Итак, даосское превращение (не понятие, не концепция, не идея, не опыт) повинуется уже известной нам двуединой природе символизма. Оно не совпадает с эмпирически наблюдаемыми изменениями (ни жизнь, ни смерть ничего не меняют в мудреце, говорит Чжуан-цзы), но оно и не противостоит им: на всех процессах физического мира лежит его отражение. Это «превращение» не допускает и той или иной формы редукционизма: оно стоит на страже полноты бытия и уникальности всякого существования. Оно не позволяет истине стать функцией субъективированного знания, «достоверностью» суждения. Оно утверждает новое как обновление, восполнение, высвобождение внеконцептуальной бесконечности природы. Насколько индивидуально и неповторимо каждое «превращение», настолько оно всеобъятно и вездесуще. Каждая метаморфоза есть «самопревращение», неподвластное внешней, субъективной воле. Бессмысленно спрашивать, как и почему все случается. Спрашивающий так никогда не получит ответа. Он никогда не будет знать, «как ему быть». «Что же мне делать и чего не делать? – спрашивает Хэбо, вконец смущенный скептическим отношением своего собеседника к возможностям умозрительного познания. – Что мне отвергать и что принимать? К чему мне стремиться, от чего бежать? Как же мне в конце концов быть?» Дух океана отвечает: «Жизнь вещей – как скачущий конь. Ни малейшего движения без превращения, ни мгновения без перемены. Что делать? Чего не делать? Пусть все превращается само собой!»
Давать всему свершаться, позволять само-превращениям быть тем, что они есть, – и значит жить по даосскому идеалу «недеяния», этой противной всякой учености науке, совершенно безыскусному искусству и идеалу, который ничуть не отличается от действительности. Это значит позволить вещам «быть таковыми самим по себе» (цзы жань), каковы бы они ни были. Но превращение в высшем смысле – реальность универсальная. Жизнь даосского мудреца есть чуткий и точный «отклик» (ин) на всякую метаморфозу. Даосский образ мира – камертон, хор, оркестр, где каждый звук перекликается с эхом, где вещи – и исполнители своих партий, и слушатели, чутко внимающие космической музыке, воспроизводящие ее в себе и непрестанно влекомые ее динамизмом. Где в конце концов нет ни исполнителей, ни слушателей, но и те и другие сливаются в «утонченном единстве само-превращений», единстве отнюдь не субстантивном, не формально-логическом, а как бы функциональном, ситуационном, заданном абсолютным ритмом мировой музыки. Этот ритм – «незапамятная древность» даосов, даосская предыстория мысли, выступающая незаметным, «забытым», но постоянно присутствующим фоном истории мысли, который посредует все формы опыта.
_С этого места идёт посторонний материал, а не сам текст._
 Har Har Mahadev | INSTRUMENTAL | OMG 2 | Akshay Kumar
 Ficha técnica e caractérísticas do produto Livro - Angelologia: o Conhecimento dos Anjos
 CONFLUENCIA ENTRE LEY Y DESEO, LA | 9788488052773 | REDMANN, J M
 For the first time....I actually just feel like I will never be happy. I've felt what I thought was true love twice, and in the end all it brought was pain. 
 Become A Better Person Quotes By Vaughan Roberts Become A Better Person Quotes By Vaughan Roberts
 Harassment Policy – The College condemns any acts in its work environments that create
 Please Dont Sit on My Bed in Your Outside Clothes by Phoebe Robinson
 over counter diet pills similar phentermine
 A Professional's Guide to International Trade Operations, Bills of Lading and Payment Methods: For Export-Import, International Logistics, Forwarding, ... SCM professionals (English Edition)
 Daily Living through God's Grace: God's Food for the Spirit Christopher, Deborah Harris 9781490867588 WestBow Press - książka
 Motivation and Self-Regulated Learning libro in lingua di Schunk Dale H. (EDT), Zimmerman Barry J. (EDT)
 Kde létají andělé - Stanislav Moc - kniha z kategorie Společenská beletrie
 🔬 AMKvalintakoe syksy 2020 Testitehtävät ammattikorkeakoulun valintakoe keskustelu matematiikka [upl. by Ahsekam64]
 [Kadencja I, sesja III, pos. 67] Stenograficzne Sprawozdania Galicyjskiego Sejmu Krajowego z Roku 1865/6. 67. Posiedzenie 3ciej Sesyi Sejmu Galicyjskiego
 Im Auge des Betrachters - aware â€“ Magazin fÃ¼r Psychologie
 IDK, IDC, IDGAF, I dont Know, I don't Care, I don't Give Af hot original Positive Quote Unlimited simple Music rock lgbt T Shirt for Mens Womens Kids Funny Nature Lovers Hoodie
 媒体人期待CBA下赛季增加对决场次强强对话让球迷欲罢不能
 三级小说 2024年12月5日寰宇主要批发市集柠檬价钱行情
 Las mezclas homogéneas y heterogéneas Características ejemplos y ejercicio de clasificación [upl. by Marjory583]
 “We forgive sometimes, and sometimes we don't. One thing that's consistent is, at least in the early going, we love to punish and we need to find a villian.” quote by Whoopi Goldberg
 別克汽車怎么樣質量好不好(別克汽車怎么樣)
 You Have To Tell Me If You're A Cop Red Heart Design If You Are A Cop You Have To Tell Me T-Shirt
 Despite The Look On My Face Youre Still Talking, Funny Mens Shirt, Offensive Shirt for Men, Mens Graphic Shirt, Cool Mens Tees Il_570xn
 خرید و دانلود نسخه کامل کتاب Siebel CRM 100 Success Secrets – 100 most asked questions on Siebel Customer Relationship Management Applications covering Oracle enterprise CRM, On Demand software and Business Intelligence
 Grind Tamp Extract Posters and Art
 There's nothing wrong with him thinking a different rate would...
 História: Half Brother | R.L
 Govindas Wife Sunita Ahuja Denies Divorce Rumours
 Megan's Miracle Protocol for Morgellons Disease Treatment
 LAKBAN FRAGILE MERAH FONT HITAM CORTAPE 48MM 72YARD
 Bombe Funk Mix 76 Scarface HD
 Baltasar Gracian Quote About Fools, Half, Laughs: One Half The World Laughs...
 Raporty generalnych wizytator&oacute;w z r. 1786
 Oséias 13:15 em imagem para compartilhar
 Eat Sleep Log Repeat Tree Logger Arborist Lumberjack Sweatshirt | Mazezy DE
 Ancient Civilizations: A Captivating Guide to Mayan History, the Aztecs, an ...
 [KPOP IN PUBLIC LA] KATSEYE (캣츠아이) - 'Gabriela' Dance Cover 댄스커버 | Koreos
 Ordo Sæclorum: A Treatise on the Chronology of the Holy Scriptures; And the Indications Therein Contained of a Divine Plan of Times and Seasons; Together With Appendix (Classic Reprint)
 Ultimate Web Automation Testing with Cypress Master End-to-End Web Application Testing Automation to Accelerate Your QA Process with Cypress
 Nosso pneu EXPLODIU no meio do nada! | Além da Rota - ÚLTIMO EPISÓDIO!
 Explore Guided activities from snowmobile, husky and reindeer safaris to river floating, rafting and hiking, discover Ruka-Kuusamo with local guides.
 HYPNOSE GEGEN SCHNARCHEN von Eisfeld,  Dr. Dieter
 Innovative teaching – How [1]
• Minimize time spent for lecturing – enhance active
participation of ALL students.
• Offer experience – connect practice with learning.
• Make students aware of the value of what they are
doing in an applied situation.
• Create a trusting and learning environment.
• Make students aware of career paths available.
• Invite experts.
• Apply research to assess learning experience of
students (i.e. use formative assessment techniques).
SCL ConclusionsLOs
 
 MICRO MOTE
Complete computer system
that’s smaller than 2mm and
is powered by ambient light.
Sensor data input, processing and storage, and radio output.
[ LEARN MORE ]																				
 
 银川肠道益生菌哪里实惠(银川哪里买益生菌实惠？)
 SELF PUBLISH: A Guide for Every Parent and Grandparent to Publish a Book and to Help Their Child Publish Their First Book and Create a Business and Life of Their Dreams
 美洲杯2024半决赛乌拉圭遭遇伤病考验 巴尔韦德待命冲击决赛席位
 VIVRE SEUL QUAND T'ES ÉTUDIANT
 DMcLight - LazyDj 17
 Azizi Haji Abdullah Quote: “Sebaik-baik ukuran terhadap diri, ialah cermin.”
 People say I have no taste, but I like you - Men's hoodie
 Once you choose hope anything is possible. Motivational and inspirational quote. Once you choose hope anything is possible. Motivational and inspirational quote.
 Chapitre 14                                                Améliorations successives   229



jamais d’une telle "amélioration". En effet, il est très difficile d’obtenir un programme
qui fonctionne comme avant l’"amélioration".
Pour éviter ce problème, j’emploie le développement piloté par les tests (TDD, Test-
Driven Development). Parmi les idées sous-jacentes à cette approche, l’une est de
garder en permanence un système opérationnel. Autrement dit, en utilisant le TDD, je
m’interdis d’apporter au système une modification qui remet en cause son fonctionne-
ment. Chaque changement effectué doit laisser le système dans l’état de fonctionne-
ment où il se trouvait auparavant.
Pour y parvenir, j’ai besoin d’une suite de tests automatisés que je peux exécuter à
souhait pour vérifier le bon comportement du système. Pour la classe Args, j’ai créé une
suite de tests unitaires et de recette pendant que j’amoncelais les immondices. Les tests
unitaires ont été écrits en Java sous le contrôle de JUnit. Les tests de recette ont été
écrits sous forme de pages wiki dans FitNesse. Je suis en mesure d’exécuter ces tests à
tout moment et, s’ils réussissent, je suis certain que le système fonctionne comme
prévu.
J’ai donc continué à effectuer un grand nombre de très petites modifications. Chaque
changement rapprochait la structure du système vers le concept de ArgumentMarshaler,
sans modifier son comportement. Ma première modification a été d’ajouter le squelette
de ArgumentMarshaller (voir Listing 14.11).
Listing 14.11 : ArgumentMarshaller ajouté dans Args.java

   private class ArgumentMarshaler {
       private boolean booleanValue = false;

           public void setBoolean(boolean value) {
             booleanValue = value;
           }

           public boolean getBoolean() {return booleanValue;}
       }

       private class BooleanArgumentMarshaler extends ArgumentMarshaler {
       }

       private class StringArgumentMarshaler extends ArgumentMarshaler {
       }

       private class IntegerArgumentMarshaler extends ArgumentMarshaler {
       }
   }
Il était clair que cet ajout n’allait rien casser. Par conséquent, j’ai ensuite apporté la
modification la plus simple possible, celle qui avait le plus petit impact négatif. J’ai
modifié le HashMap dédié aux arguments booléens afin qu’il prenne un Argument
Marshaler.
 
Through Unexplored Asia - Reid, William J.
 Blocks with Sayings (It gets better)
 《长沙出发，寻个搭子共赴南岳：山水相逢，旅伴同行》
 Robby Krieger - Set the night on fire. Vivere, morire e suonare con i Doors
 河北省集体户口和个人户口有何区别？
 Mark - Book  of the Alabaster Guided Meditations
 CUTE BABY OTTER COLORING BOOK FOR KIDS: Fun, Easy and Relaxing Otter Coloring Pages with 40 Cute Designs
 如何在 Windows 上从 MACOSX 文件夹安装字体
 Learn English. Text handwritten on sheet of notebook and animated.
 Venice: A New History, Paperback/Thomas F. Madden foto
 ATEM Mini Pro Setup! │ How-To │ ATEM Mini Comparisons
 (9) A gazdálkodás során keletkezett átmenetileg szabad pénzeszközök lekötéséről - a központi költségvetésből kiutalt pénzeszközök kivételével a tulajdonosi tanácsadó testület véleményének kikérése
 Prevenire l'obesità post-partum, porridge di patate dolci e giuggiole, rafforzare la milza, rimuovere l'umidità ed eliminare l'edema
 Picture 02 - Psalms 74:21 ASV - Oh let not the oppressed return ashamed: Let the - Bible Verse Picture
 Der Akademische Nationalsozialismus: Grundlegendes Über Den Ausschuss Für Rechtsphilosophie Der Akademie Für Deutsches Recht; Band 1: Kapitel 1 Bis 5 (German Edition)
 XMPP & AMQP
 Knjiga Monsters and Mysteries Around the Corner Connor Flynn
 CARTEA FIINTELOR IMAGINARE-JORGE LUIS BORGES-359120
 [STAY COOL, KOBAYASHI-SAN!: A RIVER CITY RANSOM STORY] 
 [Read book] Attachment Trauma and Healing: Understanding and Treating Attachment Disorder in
Го Сян комментирует: «Хотя голоса поют на тысячу ладов, отпущено им единой мерой». И в другом месте еще откровеннее: «Чем больше вещи отличаются друг от друга по форме, тем более они подобны в бытии самом по себе». Постараемся не потерять обе части формулы Го Сяна. Как воплощение творческого события каждая вещь, каждый образ несравненны, уникальны и самоценны. Но все в мире едино в силе превращений, ставящей каждую вещь в бесконечную перспективу «тьмы вещей» или универсальной природы. Самотождественность вещей в «самопревращении» есть равенство в неравенстве; в нем все сущее уравнивается по его завершению, бытийственной полноте. Бытие «само по себе» – мост от индивидуального бытия к бытию «тьмы вещей». Оно есть всеединство мировой Вещи как символа универсума и универсального символа; незамечаемая основа диалога, безграничная среда посредования, которая не создается ни «мной», ни «другим» и никому не принадлежит, но одна вечно пребудет; вещи сгорают, а «огонь перекидывается дальше»…
Аутентичное бытие – «одинокое превращение». Мы знаем уже, что одинокое здесь – и единичное, и единое. «Отклик» даосского мудреца на перемены мира, как всякий момент творчества, уникален. Но он универсален, как беспредельна сфера творческого события. Оттого неприметность есть главное его свойство. Хотя умение «быть одиноким», – главное достоинство мудрого.
Согласно разъяснениям Го Сяна, истинные метаморфозы принадлежат миру «темного» или «сокровенного» (мин). Термин «мин» уходит корнями в мифологему бездны, пучины, которые поглощают свет и исторгают его. В текстах Чжуан-цзы он еще сохраняет связь с мифологическими сюжетами. Го Сян же вкладывает в него сугубо философское содержание, употребляя его для обозначения символического, «музыкального» акта превращения: мудрец, согласно Го Сяну, «сокровенно проницает множество различий» или «сокровенно превращается вместе с вещами». Разумеется, и самобытность вещей непостигаема извне: «вещи сами по себе вещи и потому сокровенны».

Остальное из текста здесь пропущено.